Doesn't look that puzzling!

seems to be a reaction to the name of the test. However, the curating comment hints on puzzling being the fact that with the used settings it was called in the proband only, even though it is invisible in the parents. Therefore it was falsely marked as a de novo variant in subsequent analysis, which was the problem: either it should be called in all samples (with low quality), or not at all. Note that the test is marked as "FIXME", meaning the test case is intended to highlight a problem that must be addressed in future revisions of the caller.

I think the issue here is the nature of the data. I see what you're saying, but it's not how I view this problem.

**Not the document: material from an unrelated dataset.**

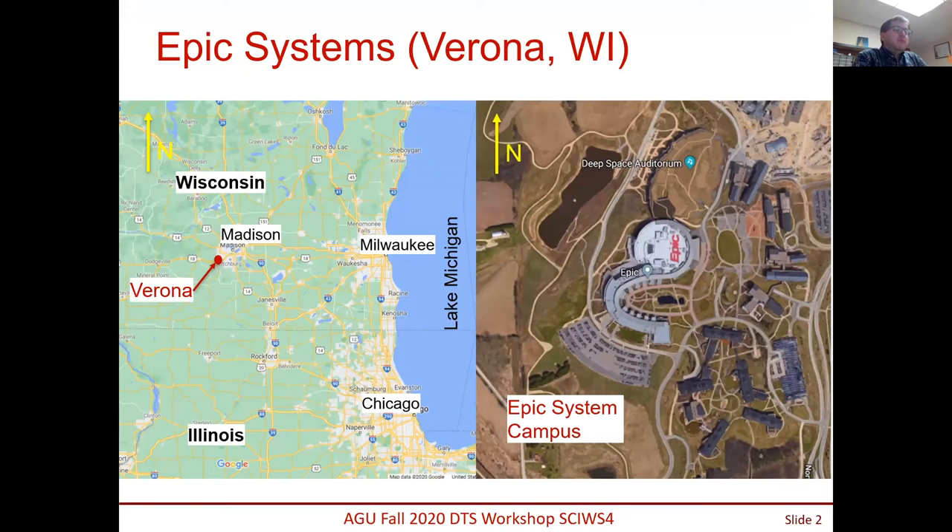Epic Systems is a very large medical database and software company. In the last 20 years they have grown from a very small company to have a campus of about 10,000 employees in the suburb of Madison, Wisconsin — the town of Verona, which itself has only about 10,000 people. This is a huge facility, and the campus is quite interesting with all kinds of themed buildings, including Harry Potter and Star Wars.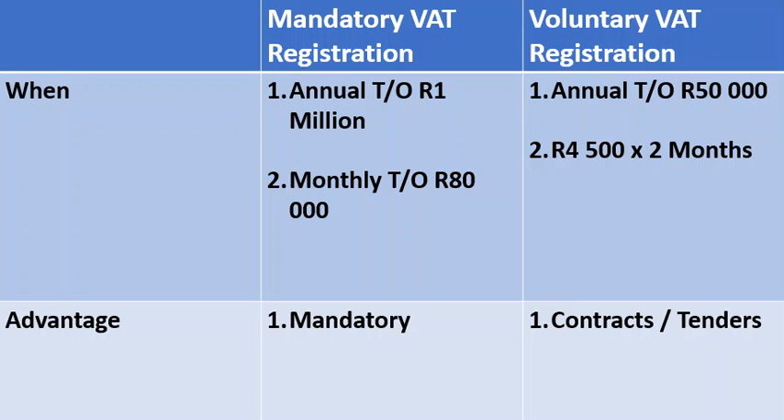Hi guys, Brenda from Company Partners. In this short video I want to quickly explain when you can register for VAT. It's important to understand that there are two different types of VAT registrations at SARS: there's a mandatory VAT registration and a voluntary VAT registration.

I went through and counted the variant depth. Quoting from above:

       REF    ALT   ALT%
rg0    80     27    25
rg1    83     15    15
rg2   136      9     6

So we see that combined depth is varying a lot, from 98 to 145, and the allele frequency as a percentage is also highly variable. It's easy to see why naively it's called in rg0 and not in rg2 (or indeed apparently rg1, but it's marginal). However this has nothing to do with the trio nature of the samples which I feel is possibly barking up the wrong tree.

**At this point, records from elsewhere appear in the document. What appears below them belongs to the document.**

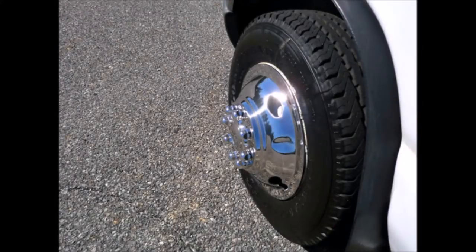All tires with new chrome wheel simulators are in good to excellent condition. For more information on our used bus for sale, call Charlie at 516-333-7483, or visit us at www.getanybus.com.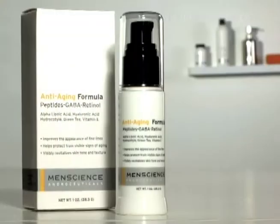This ultra-light, fast-absorbing formula is packed with antioxidants to fight free radicals and provides the best defense available against future aging damage.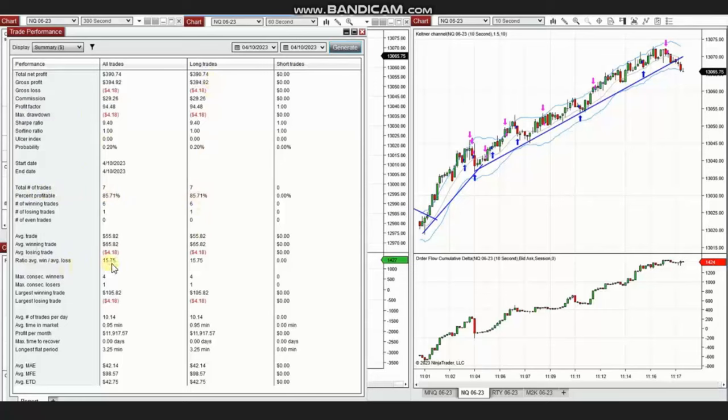The largest winning trade was $105 and the largest losing trade was $4. Thank you YAN for sharing your trades with us. We hope these trades taken by the PATH system are useful for you — let us know if you have any questions, and have a wonderful day.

The assertion that it should be consistent is an implication that the offspring should just be a sampling from both parents in equal proportion. However that's only true is randomness doesn't skew things either way or, more importantly, the variation is actually real. I strongly suspect in this case it's down to a contamination, and the high depth rg2 therefore has a lower proportion of contaminant alignments. As such this isn't a puzzling trio, but a test for contamination screening. Trying to fix detection of novel variants is best done by ways of downgrading suspect alignments or through phasing analysis.

However I don't know for sure as I've no idea where this data came from and what the real evidence is. It just has that feel about it.